Kamen nicht die Syrer mit einer kleinen Macht, und eroberten ebenfalls Jerusalem, tödteten die Obersten der Stadt und führten allen Raub dahin? Es war im nämlichen Jahr, als Joas den Zacharias, den Sohn seines Pflegevaters Jojada, steinigen ließ. Doch tödteten sie den König nicht, nahmen ihn auch nicht gefangen. Er sollte nicht sterben, wie ein tapferer Kriegsheld auf dem Schlachtfeld von des Siegers Hand, oder durch eines Königs Gericht. Sie ließen ihn krank zurück. Seine eigenen Knechte tödteten ihn. – Gott hat es gerichtet. – Kein frevler Undank wird umsonst begangen. Gott richtet. – Es schlug ein König der zehn Stämme den Amazia, den Sohn des Joas, und riß die Mauer der festen Stadt Jerusalem ein, daß sie offen war vierhundert Ellen weit. Pekah, ein anderer König der zehn Stämme, schlug hundert und zwanzig tausend Mann in Juda auf einen Tag, und führte zweimal hundert tausend gefangene Weiber und Kinder nach Samaria, daß sie gezwungene Mägde und Knechte ihrer Feinde würden, nach dem Kriegsgebrauch jener Zeit. Doch damals gieng ein Prophet in Samaria, mit Namen Obad, dem Zug entgegen. Der Anblick so vieler Unglücklichen bewegte sein frommes und menschliches Herz. Er redete mit den Anführern des Kriegsheeres: «Ihr habt die Männer getödtet. Wollt ihr auch die Weiber und Kinder zu solchem Elend verdammen? Sind nicht die Juden eure Brüder, wollt ihr eine solche Schuld vor Gott über das Land bringen?» Die Vornehmsten des Volkes, die auch ein menschliches Herz hatten, standen ihm bei, und litten nicht, daß man die Gefangenen in die Stadt brachte. Sie wurden gastfreundlich bewirthet. Die Nackten wurden alle neu gekleidet von der Beute. Man gab allen die Erlaubniß, in ihre Heimath zurückzukehren, und sorgte für die Heimfahrt der Kranken unter ihnen bis an die Grenze, bis nach Jericho, der Palmen Stadt. So viel vermag eines frommen md angesehenen Mannes Wort. Es hat so viele tausend arme Wittwen und Waisen von dem Schicksal der gezwungenen Knechtschaft erlöst und in die geliebte Heimath zurückgebracht.
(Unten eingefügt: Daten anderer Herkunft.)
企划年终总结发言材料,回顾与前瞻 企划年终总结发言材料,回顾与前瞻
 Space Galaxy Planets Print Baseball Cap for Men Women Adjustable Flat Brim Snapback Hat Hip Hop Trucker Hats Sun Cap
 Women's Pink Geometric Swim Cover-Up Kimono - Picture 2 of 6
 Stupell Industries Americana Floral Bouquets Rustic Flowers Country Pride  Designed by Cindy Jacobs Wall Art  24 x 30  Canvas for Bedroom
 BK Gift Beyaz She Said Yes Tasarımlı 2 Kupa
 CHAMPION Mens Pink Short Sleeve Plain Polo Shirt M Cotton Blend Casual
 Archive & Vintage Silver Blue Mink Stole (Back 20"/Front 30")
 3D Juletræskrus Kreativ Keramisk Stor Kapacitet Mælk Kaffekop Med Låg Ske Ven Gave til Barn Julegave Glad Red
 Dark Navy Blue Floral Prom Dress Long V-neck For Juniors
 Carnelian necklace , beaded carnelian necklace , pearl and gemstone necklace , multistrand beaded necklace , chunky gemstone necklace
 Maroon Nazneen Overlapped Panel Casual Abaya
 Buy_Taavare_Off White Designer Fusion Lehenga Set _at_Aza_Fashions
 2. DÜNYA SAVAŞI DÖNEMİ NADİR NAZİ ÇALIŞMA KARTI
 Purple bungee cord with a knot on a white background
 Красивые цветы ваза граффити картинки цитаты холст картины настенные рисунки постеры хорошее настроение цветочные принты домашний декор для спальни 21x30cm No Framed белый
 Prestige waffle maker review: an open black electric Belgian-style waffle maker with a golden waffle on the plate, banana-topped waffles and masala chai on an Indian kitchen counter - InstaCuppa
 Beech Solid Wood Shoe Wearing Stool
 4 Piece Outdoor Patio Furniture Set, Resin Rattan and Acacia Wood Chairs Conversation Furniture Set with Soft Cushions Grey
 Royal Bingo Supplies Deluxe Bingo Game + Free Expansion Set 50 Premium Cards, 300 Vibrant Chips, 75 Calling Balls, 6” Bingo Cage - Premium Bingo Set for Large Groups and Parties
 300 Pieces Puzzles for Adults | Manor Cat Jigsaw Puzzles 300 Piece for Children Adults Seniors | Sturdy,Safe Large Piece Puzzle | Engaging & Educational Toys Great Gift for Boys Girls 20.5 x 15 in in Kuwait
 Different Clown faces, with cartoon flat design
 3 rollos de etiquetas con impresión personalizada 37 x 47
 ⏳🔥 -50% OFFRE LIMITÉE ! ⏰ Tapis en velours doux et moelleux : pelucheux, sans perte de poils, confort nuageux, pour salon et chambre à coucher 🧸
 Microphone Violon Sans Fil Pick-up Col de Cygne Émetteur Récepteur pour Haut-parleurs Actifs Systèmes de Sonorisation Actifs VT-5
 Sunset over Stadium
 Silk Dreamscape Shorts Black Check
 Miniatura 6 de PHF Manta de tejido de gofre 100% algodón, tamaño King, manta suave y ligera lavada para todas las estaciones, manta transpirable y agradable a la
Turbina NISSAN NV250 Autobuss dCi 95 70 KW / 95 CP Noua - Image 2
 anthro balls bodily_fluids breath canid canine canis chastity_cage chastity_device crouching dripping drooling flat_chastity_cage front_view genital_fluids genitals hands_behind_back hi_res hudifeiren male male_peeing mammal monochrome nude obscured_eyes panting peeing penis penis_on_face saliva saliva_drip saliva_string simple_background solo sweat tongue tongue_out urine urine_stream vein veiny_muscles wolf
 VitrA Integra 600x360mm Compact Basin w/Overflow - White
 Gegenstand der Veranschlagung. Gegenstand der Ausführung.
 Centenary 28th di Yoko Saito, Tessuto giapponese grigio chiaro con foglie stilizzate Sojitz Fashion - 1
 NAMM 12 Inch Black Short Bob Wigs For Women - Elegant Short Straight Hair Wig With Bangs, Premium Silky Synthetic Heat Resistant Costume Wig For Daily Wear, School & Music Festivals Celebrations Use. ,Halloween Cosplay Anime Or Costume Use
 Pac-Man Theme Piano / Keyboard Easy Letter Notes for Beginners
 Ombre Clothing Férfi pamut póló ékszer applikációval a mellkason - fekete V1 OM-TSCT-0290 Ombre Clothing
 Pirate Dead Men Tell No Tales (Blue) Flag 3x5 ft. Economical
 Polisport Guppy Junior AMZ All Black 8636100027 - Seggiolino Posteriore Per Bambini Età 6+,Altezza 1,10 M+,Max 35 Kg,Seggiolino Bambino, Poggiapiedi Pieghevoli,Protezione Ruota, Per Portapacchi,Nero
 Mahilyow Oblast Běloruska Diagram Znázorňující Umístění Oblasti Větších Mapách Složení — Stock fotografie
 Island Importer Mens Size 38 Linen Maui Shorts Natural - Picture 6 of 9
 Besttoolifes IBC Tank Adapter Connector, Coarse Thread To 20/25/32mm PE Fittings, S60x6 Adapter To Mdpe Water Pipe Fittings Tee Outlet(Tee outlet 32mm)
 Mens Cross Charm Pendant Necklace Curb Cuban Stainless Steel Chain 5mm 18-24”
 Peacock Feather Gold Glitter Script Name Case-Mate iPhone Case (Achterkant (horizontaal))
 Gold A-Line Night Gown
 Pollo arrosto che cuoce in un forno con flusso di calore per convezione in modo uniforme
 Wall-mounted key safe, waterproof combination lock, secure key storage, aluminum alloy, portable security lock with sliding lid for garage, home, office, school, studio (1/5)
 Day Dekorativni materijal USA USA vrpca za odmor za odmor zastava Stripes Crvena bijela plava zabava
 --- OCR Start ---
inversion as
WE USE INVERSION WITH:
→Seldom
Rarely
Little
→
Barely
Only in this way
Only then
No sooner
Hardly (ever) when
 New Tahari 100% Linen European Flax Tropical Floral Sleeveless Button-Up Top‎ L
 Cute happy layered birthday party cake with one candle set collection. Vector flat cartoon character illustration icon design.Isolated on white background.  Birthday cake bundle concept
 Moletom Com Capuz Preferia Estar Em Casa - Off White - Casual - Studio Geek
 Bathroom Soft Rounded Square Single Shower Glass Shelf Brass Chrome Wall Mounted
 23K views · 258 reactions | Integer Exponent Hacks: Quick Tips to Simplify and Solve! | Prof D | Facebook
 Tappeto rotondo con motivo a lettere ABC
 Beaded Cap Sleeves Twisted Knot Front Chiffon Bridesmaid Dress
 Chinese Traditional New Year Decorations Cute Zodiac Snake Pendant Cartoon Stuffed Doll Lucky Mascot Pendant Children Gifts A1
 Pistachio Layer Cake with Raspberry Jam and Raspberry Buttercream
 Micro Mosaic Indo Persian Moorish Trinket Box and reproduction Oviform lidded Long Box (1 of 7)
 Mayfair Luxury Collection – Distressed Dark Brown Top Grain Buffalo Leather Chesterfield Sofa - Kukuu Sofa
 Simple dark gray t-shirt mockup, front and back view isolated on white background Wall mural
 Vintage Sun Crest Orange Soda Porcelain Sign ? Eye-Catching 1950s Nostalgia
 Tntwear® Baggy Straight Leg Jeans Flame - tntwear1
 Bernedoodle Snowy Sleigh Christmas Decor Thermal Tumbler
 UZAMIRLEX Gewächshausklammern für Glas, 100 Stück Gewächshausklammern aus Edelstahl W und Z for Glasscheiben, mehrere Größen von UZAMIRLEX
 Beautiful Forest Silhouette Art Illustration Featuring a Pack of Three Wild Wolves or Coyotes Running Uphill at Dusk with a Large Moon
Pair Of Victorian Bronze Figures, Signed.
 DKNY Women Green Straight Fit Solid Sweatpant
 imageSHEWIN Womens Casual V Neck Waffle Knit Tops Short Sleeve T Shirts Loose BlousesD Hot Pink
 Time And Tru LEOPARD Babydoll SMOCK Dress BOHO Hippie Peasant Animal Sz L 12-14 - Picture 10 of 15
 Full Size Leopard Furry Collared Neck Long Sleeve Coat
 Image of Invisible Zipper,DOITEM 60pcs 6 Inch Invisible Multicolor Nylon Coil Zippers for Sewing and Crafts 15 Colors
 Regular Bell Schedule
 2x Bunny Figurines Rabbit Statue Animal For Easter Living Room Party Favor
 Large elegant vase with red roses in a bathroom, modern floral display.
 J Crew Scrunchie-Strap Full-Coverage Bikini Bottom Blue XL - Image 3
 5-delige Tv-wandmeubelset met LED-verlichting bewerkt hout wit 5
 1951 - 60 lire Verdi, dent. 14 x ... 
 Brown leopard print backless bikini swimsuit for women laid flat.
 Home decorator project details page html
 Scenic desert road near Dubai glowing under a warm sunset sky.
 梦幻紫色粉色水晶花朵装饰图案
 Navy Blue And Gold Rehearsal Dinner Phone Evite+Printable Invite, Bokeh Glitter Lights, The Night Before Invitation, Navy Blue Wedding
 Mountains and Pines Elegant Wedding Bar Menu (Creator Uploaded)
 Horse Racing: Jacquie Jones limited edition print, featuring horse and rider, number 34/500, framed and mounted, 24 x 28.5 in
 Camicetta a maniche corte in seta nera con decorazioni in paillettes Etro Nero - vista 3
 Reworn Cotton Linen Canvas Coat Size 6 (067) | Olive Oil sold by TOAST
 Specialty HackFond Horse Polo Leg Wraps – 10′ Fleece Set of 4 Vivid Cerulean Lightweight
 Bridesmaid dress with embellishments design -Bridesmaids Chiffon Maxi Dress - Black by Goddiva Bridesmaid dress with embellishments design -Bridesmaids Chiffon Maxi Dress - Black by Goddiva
Nach allen diesen Niederlagen und Entkräftungen wurde das jüdische Reich unterwürfig und zinsbar, bald den Assyrern, bald den Aegyptern, und es ist schon ein wildfremdes Kriegsvolk aus entlegenen Gebirgen auf dem Weg, das letzte Gericht zu halten über das Land und über die Stadt voll Götzen-Altäre und Frevelthaten.